Schwarber did. And he made sure Ross and the entire Cubs’ dugout knew about it.
“I almost passed out laughing,” Ross said. “I love that guy. He is so tough mentally. He’s stayed with the team and been in every at-bat with us. That’s why he’s having success. He’s a natural-born hitter. But he has stayed engaged.”
To Schwarber, the game was about more than every day. It is today, yes, but it is also tomorrow and the day after that and on and on for years. He’s going to be a Chicago Cub for a good, long while, and his investment in their success isn’t just about what he does, what he accomplishes, what he means. He is a cog. The machine can run without him. It just runs smoother and cleaner and better with him.
“Hey, man, I’m living the dream,” Schwarber said. “We’re playing in the World Series. What else can you ask for? I’m just going to keep riding the wave ’til it ends.”

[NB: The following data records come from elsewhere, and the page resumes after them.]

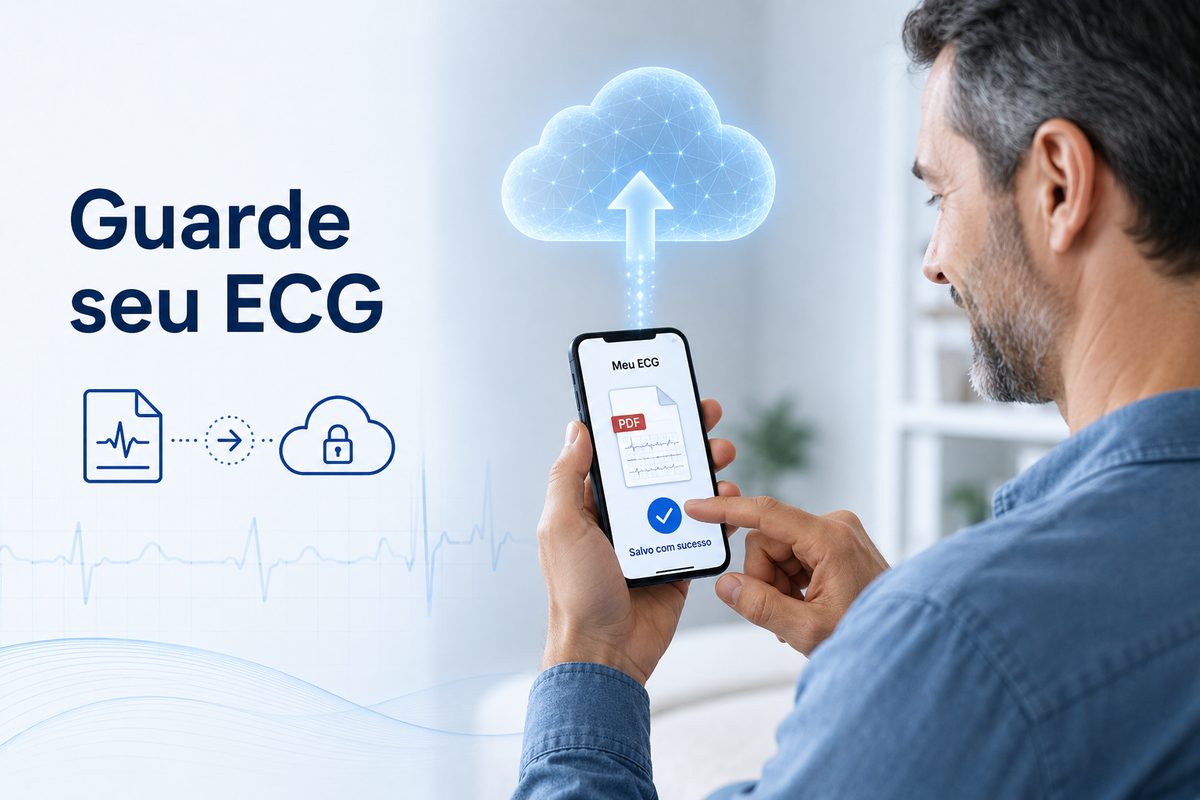 Guarde seu ECG em PDF na nuvem para consultas futuras e emergências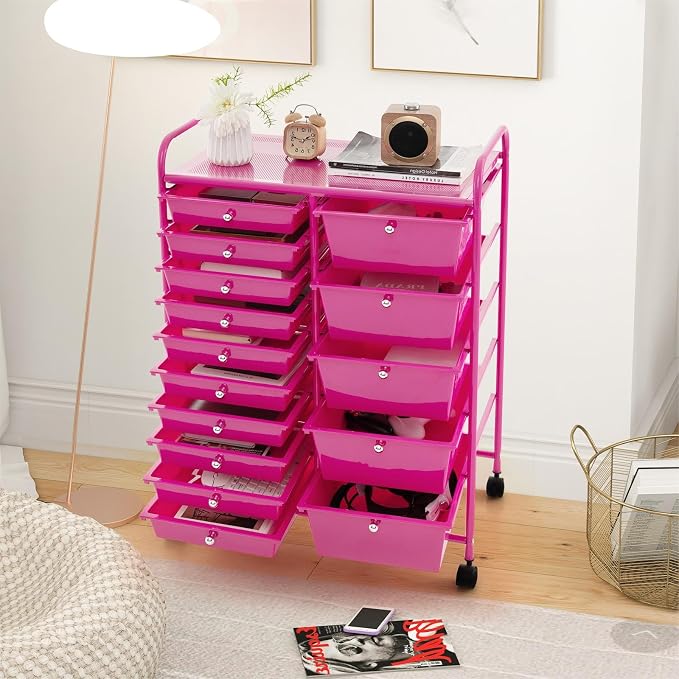 DREAMADE Rolling Cart with 15 Drawers, Rolling Drawer Organizer Cart w/Lockable Wheels, Removable & 2-Sized Storage Drawers, Art Cart for School Home Art Supplies Crafts File Scrapbook - Image 8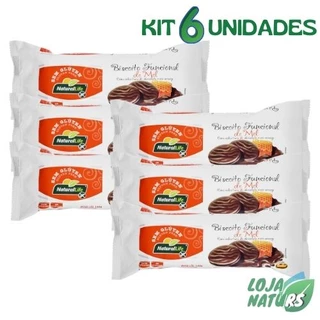 KIT 6 Unidades Biscoito Funcional Sabor Mel Coberto com Chocolate Sem Glúten 140g - Natural Life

He rode it long and strong Wednesday night, rode it to the disdain of the 38,172 at Progressive Field and the giddiness of millions of Cubs fans across the country, rode it like the boss he is, all the way back to Chicago, where he may well one-up himself again. There is no DH for Games 3, 4 and 5, and now the question is whether doctors will clear Schwarber to play left field and whether the team will throw him out there. If there’s one thing the Cubs know by now, one thing the world knows, it’s that if Kyle Schwarber does anything, it’s exceed expectations. Doubt him at your peril.